WORK INSTRUCTION | Repeat exactly, and only, the lines below starting at the line that contains "Clignotant droit TOYOTA" and ending at the line that contains "Starý Motocykl Rybářské", inclusive of both.

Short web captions
..........
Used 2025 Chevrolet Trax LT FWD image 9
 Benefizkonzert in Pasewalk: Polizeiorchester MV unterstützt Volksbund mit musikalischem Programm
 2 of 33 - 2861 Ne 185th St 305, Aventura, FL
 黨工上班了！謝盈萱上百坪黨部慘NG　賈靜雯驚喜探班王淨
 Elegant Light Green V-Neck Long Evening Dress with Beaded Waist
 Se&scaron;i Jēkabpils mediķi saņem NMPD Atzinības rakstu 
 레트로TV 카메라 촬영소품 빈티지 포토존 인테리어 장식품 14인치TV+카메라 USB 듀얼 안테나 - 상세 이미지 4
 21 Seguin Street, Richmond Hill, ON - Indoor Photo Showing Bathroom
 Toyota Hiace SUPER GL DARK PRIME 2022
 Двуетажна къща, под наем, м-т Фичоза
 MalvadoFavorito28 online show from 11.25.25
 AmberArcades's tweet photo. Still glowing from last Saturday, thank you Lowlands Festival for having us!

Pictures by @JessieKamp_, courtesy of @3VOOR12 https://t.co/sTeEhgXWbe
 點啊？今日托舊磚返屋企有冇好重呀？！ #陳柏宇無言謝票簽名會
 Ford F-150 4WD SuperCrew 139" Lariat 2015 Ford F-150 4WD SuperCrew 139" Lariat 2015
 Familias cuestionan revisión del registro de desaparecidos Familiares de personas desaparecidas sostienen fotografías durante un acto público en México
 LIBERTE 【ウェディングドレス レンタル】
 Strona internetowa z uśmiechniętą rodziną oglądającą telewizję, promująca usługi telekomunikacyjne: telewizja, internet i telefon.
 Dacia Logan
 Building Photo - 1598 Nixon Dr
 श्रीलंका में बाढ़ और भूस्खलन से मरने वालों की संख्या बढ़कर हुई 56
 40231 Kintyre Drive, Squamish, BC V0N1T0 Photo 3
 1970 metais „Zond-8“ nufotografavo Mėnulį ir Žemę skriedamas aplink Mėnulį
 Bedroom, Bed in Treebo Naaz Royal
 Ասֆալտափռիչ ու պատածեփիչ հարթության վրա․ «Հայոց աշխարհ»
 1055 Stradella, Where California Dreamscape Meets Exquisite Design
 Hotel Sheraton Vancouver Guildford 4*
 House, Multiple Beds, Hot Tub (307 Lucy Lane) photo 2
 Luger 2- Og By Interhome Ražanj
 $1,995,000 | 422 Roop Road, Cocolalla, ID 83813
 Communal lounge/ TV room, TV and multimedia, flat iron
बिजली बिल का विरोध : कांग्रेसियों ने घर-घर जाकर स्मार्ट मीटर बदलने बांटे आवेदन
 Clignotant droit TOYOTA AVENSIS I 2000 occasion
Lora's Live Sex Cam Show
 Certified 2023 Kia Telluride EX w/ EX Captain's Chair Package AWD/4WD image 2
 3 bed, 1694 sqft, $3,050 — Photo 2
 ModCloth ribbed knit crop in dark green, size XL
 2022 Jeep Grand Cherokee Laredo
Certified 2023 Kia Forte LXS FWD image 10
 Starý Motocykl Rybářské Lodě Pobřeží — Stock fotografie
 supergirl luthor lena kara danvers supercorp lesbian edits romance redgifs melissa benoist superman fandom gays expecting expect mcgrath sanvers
..........
WRITTEN SOLUTION |
 Clignotant droit TOYOTA AVENSIS I 2000 occasion
Lora's Live Sex Cam Show
 Certified 2023 Kia Telluride EX w/ EX Captain's Chair Package AWD/4WD image 2
 3 bed, 1694 sqft, $3,050 — Photo 2
 ModCloth ribbed knit crop in dark green, size XL
 2022 Jeep Grand Cherokee Laredo
Certified 2023 Kia Forte LXS FWD image 10
 Starý Motocykl Rybářské Lodě Pobřeží — Stock fotografie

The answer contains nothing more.